Most here on TUG suggest you take 6 months to read and learn about timesharing.  You need to be able to understand exactly what you are buying and what you might want to buy.  Renting and visiting several different TS and minisystems.  Ask questions.  Research.  Then research some more.  At least, going to timeshares while you do all this hard work can be very enjoyable.


----------



## ShouldITryWyndham (Jun 5, 2009)

Thanks so much for the info.  It sounds like we're going to rescind.  We had no idea how inexpensive resale points would be (we only have experience with DVC and resale points aren't all that discounted due to ROFR).   

Please let me know if this is correct:

So if we pay the $2500 for the plus partners and $2500 for CW (I think that was the abbreviation they used - Conversion thing so that we can stay at other Wyndham resorts) it's still cheaper than buying outright from them.  It looks like you can buy a bunch for $1 (plus closing costs, etc.) on ebay - is this real?!?   Are there hidden fees or problems that we'll find if we purchase this way?
Thanks - any further info or guidance would be appreciated.

Also - RCI conversion - how much is the exchange fee when you bank the points?  I don't really understand how RCI works.  

Thanks.


----------



## ecwinch (Jun 5, 2009)

ShouldITryWyndham said:


> Thanks so much for the info.  It sounds like we're going to rescind.  We had no idea how inexpensive resale points would be (we only have experience with DVC and resale points aren't all that discounted due to ROFR).
> 
> Please let me know if this is correct:
> 
> ...



Plus Partners is a developer only added benefit. So with resale, you would not get those benefits. But there still are less expensive ways to attain similar benefits.

The e-bay deals are real. Closing costs are the only "gotchas" with them. Just locate a reputable seller (# transactions, good feedback), and find a reasonable price.

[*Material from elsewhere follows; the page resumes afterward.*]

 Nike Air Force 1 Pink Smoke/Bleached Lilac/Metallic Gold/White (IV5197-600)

With Club Wyndham (their new name), you deposit points into RCI and receive an exchange week in return. The number of points you deposit determines the season and size of week you receive in return. You pay the standard RCI exchange fee when you exchange that week within RCI.

Just like DVC, points are points. The resort your points are tied to gives you an advanced reservation period at that resort, but other than that you can use your points at any of the Wyndham locations.


----------



## vacationhopeful (Jun 5, 2009)

"CW"???? Is this salesman speak for Club Wyndham?

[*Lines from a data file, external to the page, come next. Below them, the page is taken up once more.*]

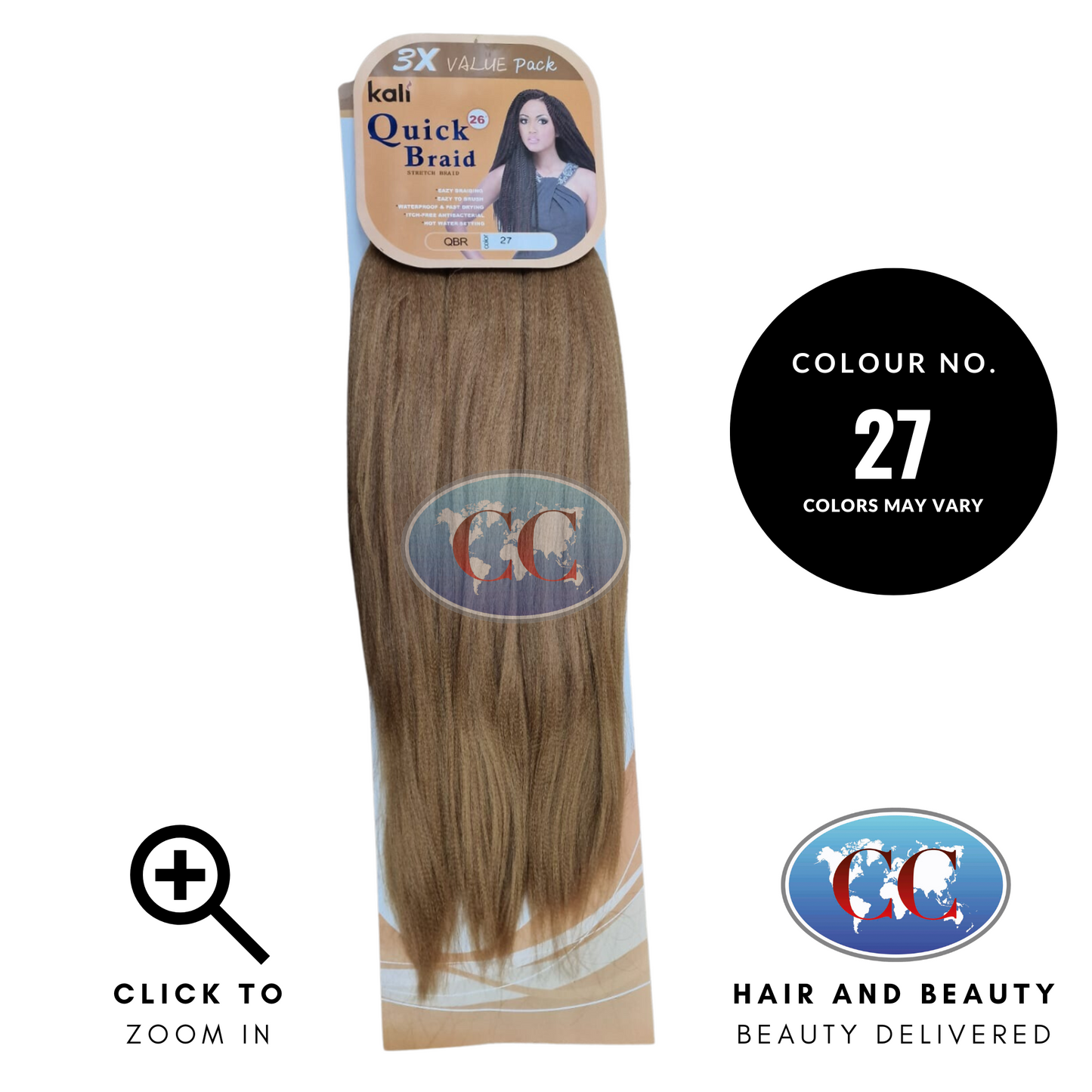 Kali Quick Braid Pre Strected Value Pack - 3 x 26"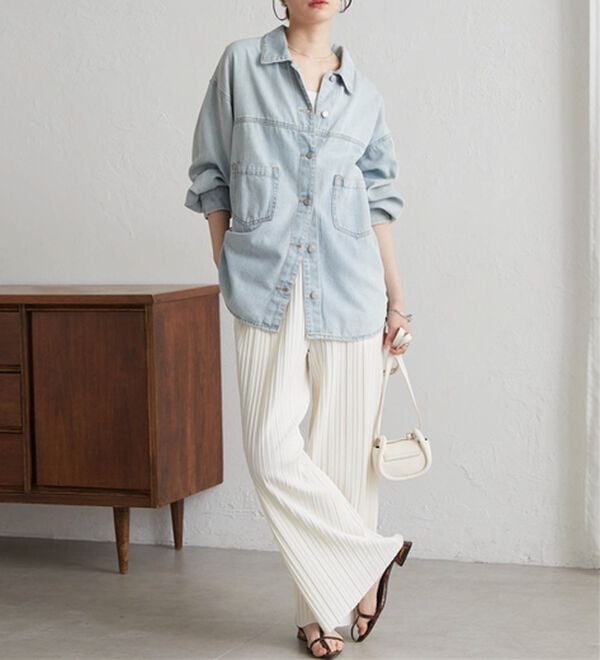 RANAN（ラナン）の「【セルフカットOK】ひんやりセミワイドプリーツパンツ（フルレングスパンツ）」｜詳細画像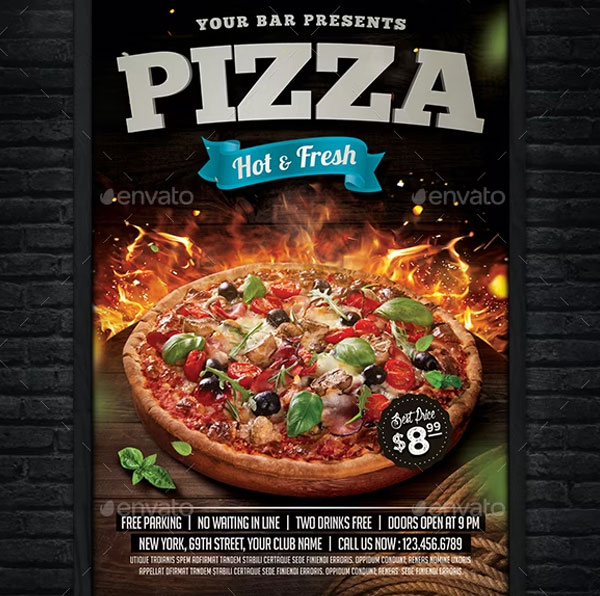 Printable Pizza Flyer Template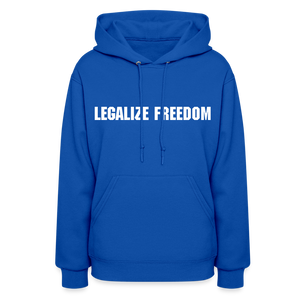 Legalize Freedom Ladies Hoodie - royal blue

If you buy UDI Wyndham points or a "converted fixed week to points" deed, Club Wyndham is the former called FairSharePlus (FSP) reservation system you use to book/use your points.  There has NEVER been a conversion cost to FSP.  Wyndham just rename FSP to become Club Wyndham.  FSP was too similiar to their OLD name of Fairfield Vacation Resorts.

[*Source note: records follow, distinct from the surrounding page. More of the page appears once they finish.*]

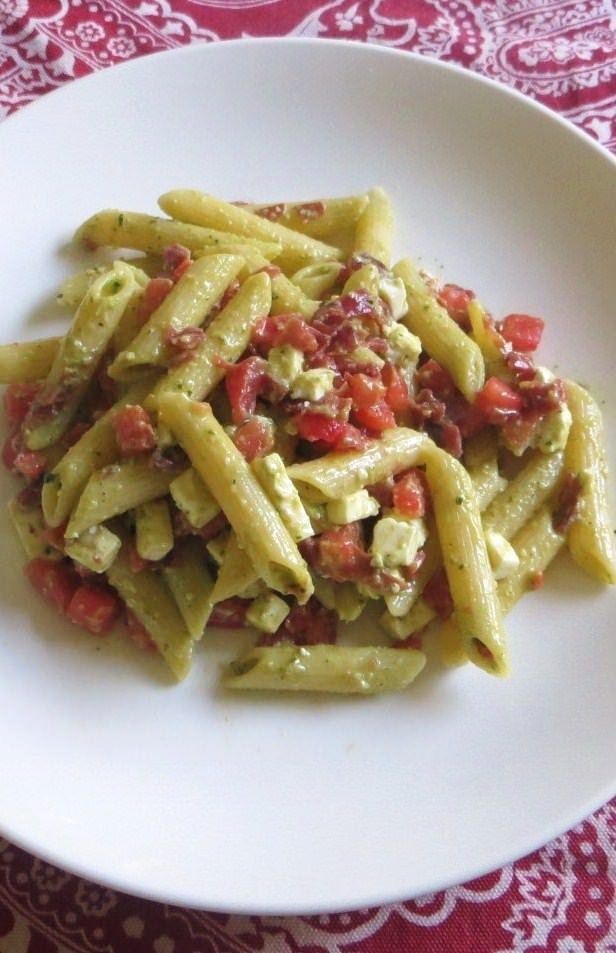 Penne fredde in salsa estiva ricetta e foto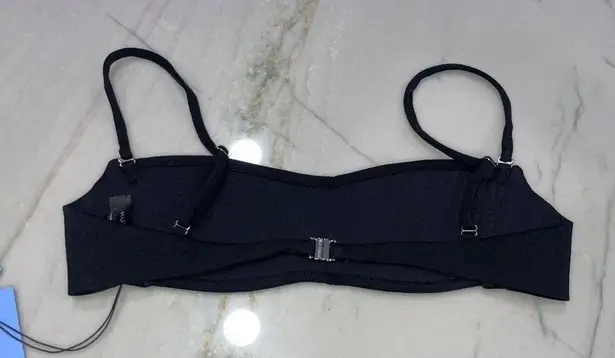 MUGLER Corset Bikini Top in Black 38 New Womens Swim Suit Travel Bag Size undefined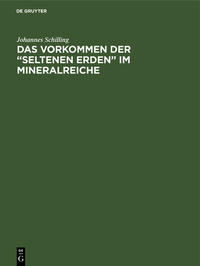 Das Vorkommen der “seltenen Erden” im Mineralreiche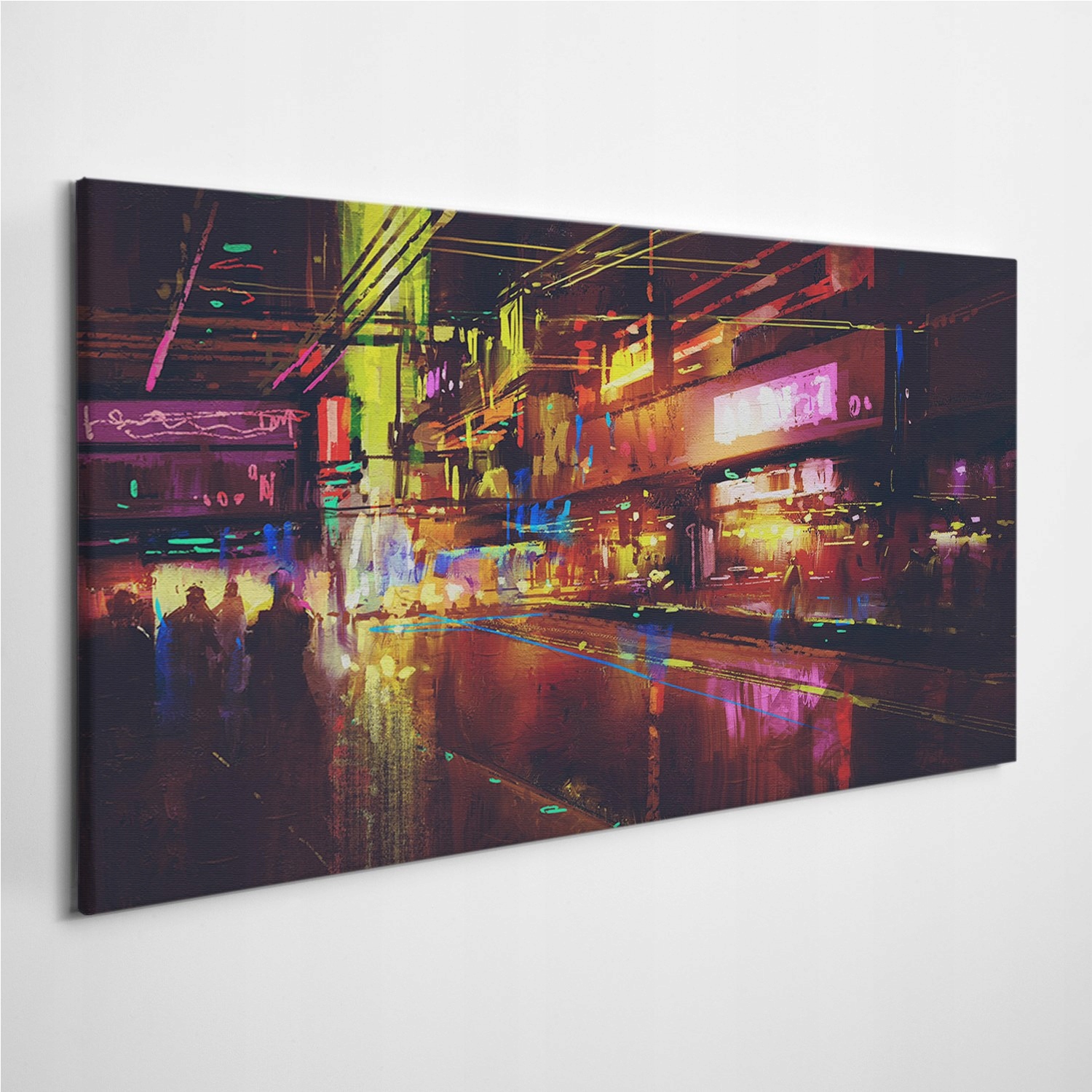 

Obraz na płótnie na ścianę Miasto Noc Ulice 100x50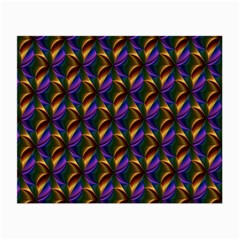 Seamless Prismatic Line Art Pattern Small Glasses Cloth (2-side)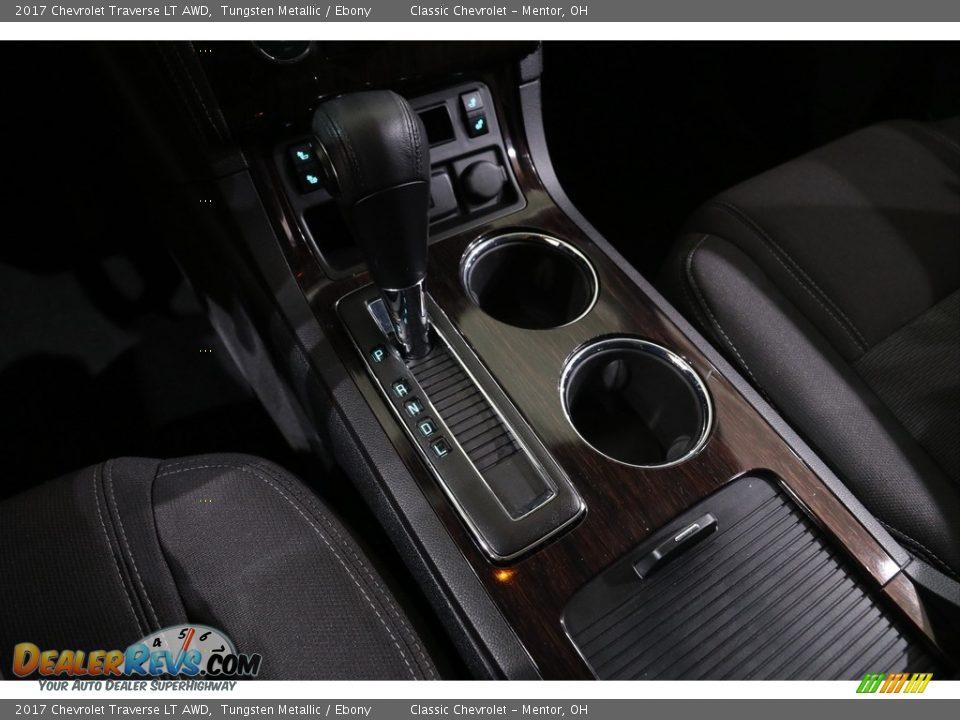 2017 Chevrolet Traverse LT AWD Tungsten Metallic / Ebony Photo #13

As for Plus Partners, you might just want to lease an RCI Points timeshare for those nightly stays at RCI points resorts.  You get a "free" RCI Weeks membership with Wyndham points account (not with a fixed week unit, but then you aren't paying a $.53 per thousand point MF either).  

Banking points use a reservation transaction (RT); just plan a little as only one RT is use for all transaction done in one calendar day.  RCI Weeks is an exchange system ... more learning and reading.


----------



## timeos2 (Jun 5, 2009)

*It is real - only buy resale*

Buy resale - the low prices for the system are real. Plus Partners - like most "perks" are overpriced and not worth worrying about. With a little research - similar to finding out about resale vs retail prices on the CW (fomer FSP) points - you can find ways to get the same or better deals without the cost of Plus Partners. Concentrate on what each piece costs & how to best (most inexpensively) obtain it.  Step one is buy Wyndham Points RESALE - never retail or Discovery Program - and then look for options on the features of Plus Partners. Most of all enjoy yourself as you vacation on resale poits for pennies on the retail dollar.


----------



## ausman (Jun 5, 2009)

You did very well, didn't buckle under the timeshare salesman's onslaught of mis-information and lies. Then decided to test it out at minimal cost. Wish I had done that too.

The advice is very good, rescind, learn more, and purchase on Ebay.

That $2,500 in the current market would allow you to take over an existing contract, for possibly $0 - $500, paying $400 closing fee and $125 transfer fee, and depending on the desirability of the deal some past MF, say 5 mths $500.

So, for approx. 500 + 400 + 125 + 500 = $1,525 OR LESS, perhaps more you could obtain the same amount of points.


----------



## ShouldITryWyndham (Jun 6, 2009)

Thank you to everyone for all the helpful advice, I wrote up the letter to rescind this morning.  It has to include the member number, contract number, rep and number, signed, and sent certified mail.  Am I missing anything?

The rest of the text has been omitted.